The fixes to the P-47 & P-38 didn’t really arrive until AFTER they were withdrawn from active escort duties. I imagine that if the P-51 hadn’t been a success that those refinements would have arrived earlier out of necessity.
Not by a long-shot. An air-cooled radial engine is inherently tougher than a liquid-cooled in-line engine with it's vulnerable radiators. The USAF lost a lot of F-51's in Korea pressing attacks against ground targets. If they had fielded the P-47N's that were still in use with the Air Guard they would have had a tougher ground attack plane that would have brought its pilots home.
I've read that the reason that they sent the F-51 instead of the P-47 was due to the availability of parts/airframes (and probably trained pilots already checked out in that type).
Maybe not deliberately, but P-51 flights would often detach from the bomber stream to got hunting ground targets or looking for a Luftwaffe airfield to shoot up. This was how a lot of P-51's met their end as the Packard-Merlin would sieze-up pretty quickly of it lost coolant.
I was waiting for a lab test and in the waiting room was a older couple. He was wearing a 'P-51'ball cap.
I went over and sat by them and struck up a conversation.
Fascinating experience. He was eager to relate war stories and talk about his flying.
When he went into get his labs I talked to his wife.
She said he loved the P-47 more than the P-51 and told her if he could have married one he would have. :)
As far as what we would have done had we not had the P-51, coming up, too late for action was the F8F Bearcat. A mean flying machine.
I'm sure it could have handled any German fighter save the ME-262.
Range may have been a problem though.
There used to be a privately-owned P-51 that was hangered up there at Mid-State Airport when I attended PSU (back in the late ‘70’s). I knew a couple of students who were taking flying lessons out there & they frequently saw it.

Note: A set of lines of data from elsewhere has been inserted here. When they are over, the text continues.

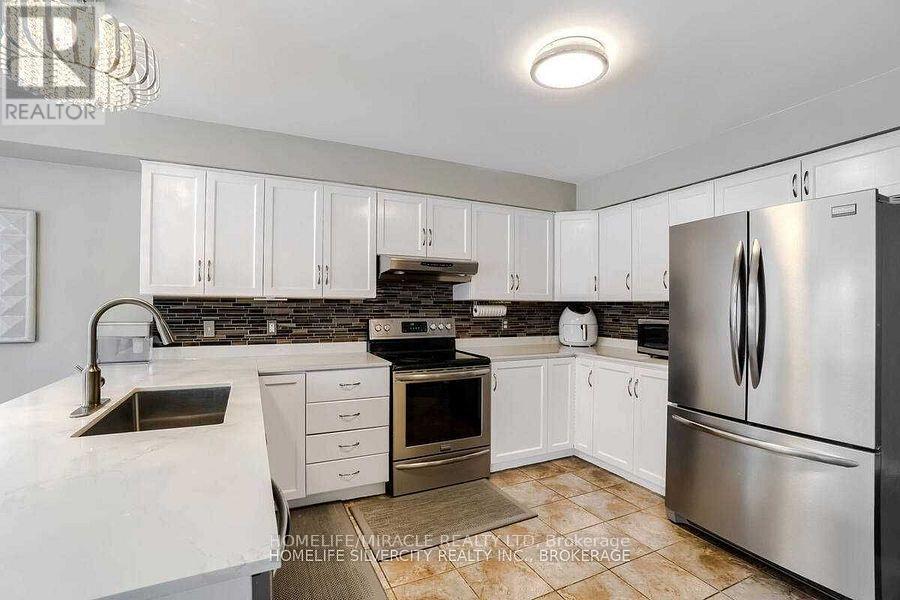 UPPERS EXCLUDE BASEMENT - 19 PATTERSON DRIVE, North Dumfries, Ontario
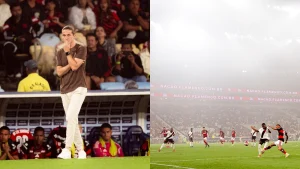 Filipe Luís revela estratégia do Flamengo para estreia com vitória sobre o Vasco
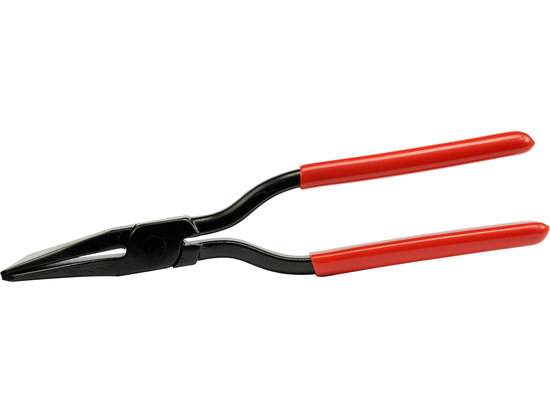 Kleszcze do gięcia blach - proste, 280 mm – YATO YT-5415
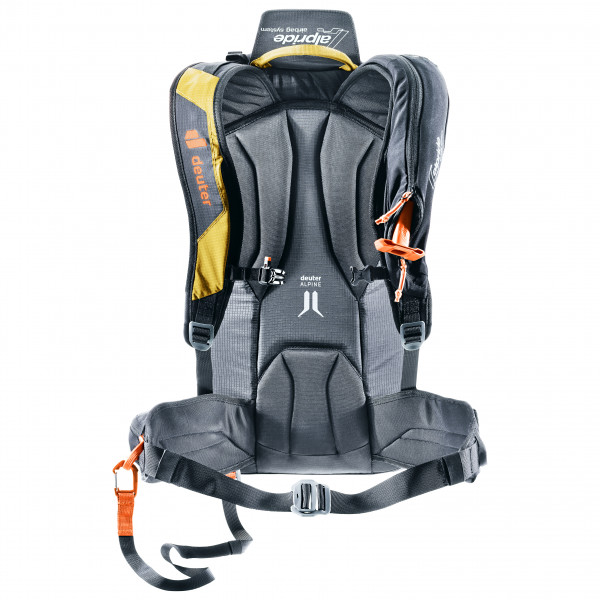 Deuter - Alproof Lite 22 - Lumivyöryreppu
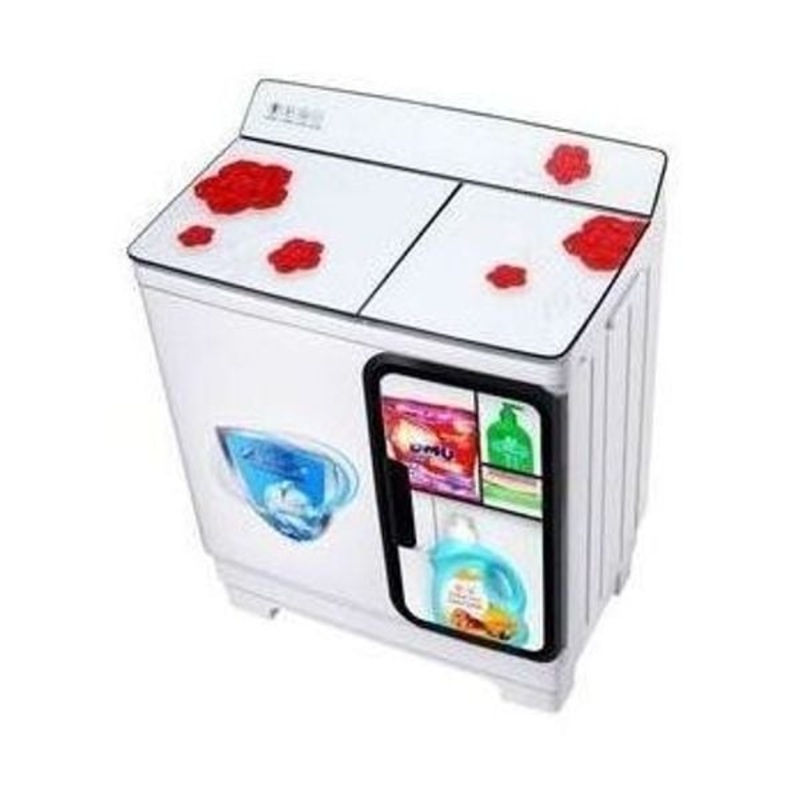 TT14K2TF - 12Kg - Twin Tub Washing Machine - White
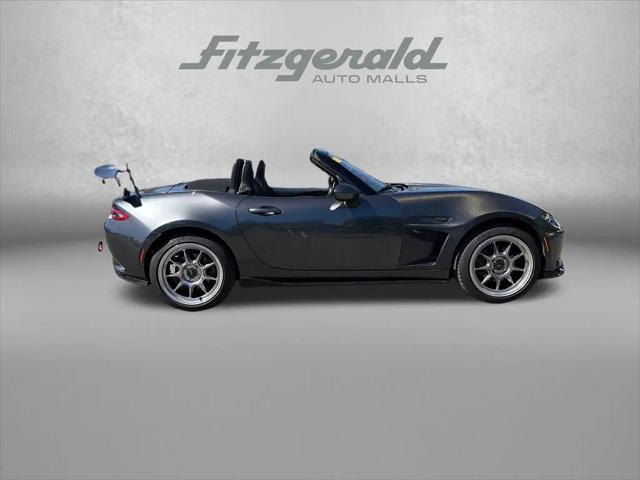 2019 Mazda MX-5 Grand Touring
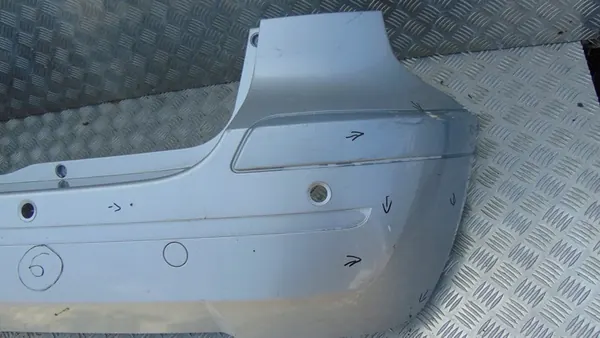 Parachoques trasero Mercedes W169 A1698852125 image 4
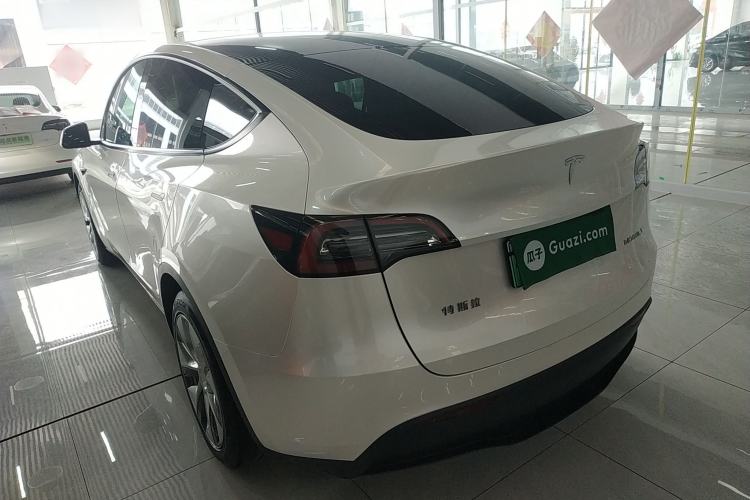 Used Tesla Model Y 2021 Standard Range Rear-Wheel Drive Version
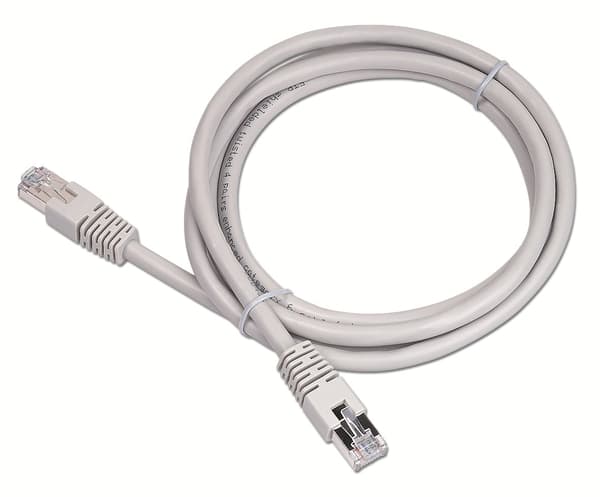 BC GEMBIRD PATCHKABEL RJ45 DÆKSEL ZAL.KAT.6 FTP 15M GRÅ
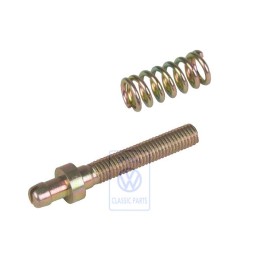 VW Original Leerlaufbegrenzungsschraube - 035129347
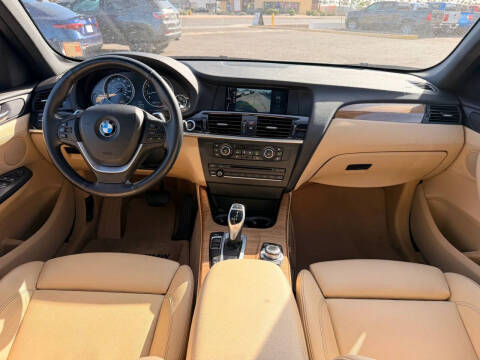 2013 BMW X3 xDrive35i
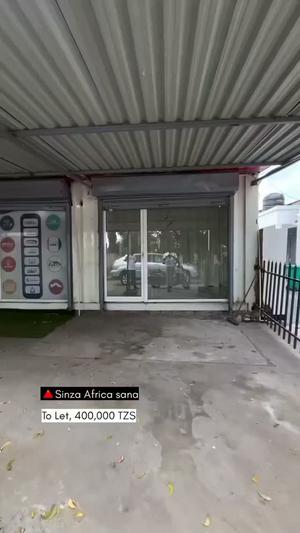 Duka linapangishwa Sinza, Dar Es Salaam Duka linapangishwa Sinza, Dar Es Salaam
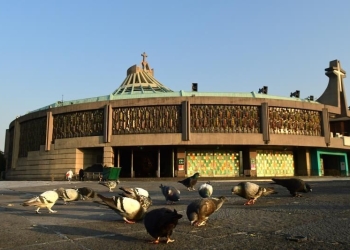 Invita Arquidiócesis a ‘peregrinación virtual’ a Basílica de Guadalupe por COVID-19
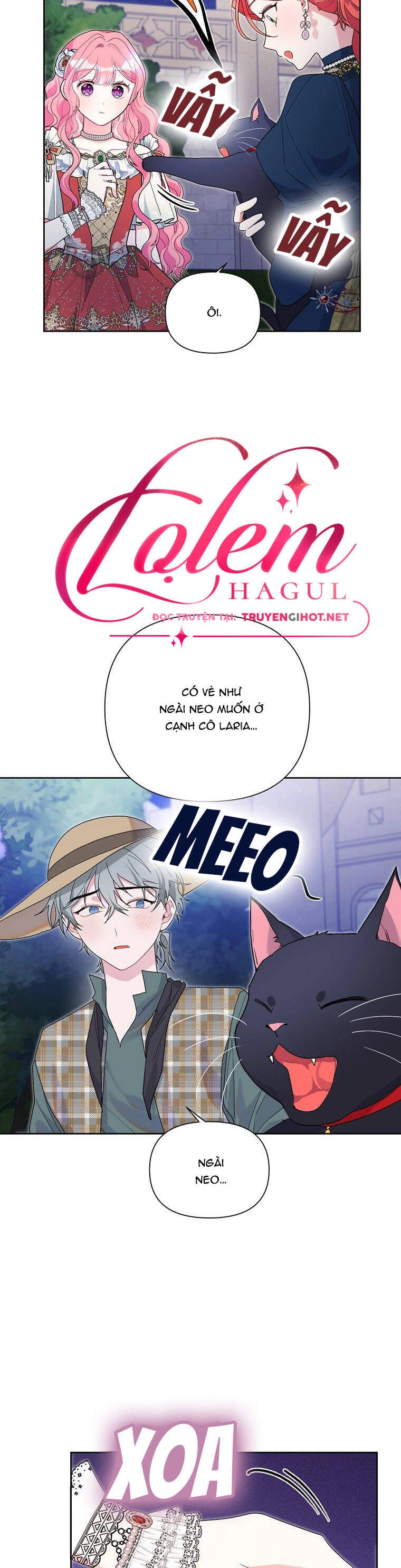 Trở Thành Con Dâu Của Kẻ Phản Diện Vì Thời Gian Có Hạn Chapter 50.1 - 18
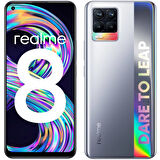 OPPO REALME 8 128 GB/ 6 GB RAM YENİLENMİŞ ÜRÜN (Sıfır Gibi) 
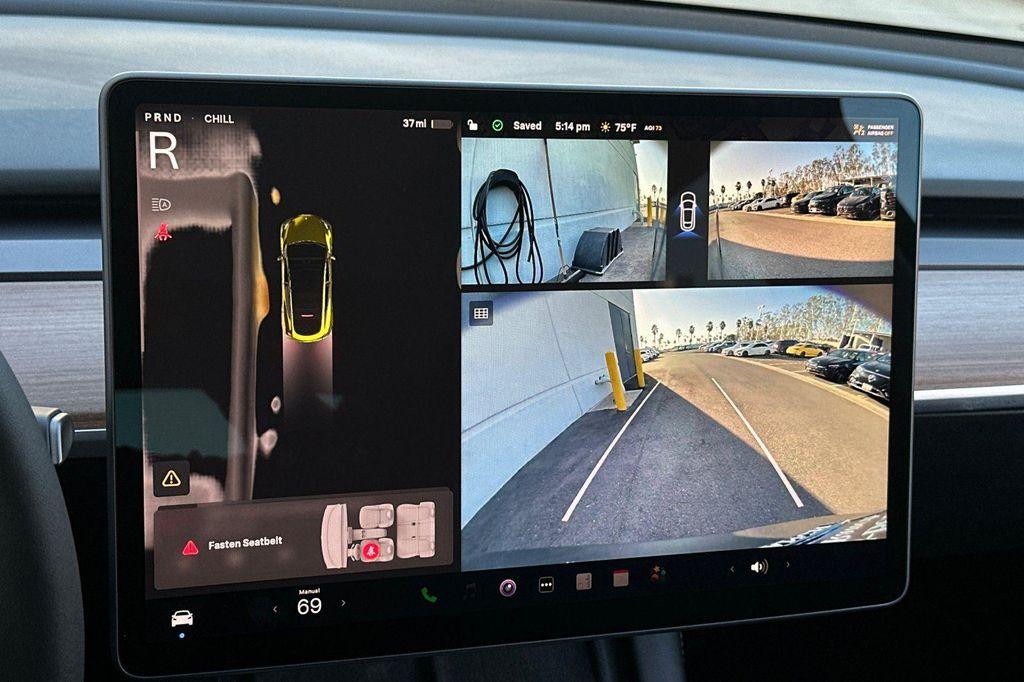 used 2023 Tesla Model Y car, priced at $31,583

I've seen various numbers mentioned, but not a detailed breakdown battle-by-battle, operation-by-operation or theater-by-theater. However, I think we can say the following:
In summary: on the Western Front relative combat superiority depended on circumstances, but more favored the allies as the war progressed.
Another reason why the F-51 was sent to Korea, according to the military brass, was that the Mustang ‘looked sexier’ than the rotund-looking Jug.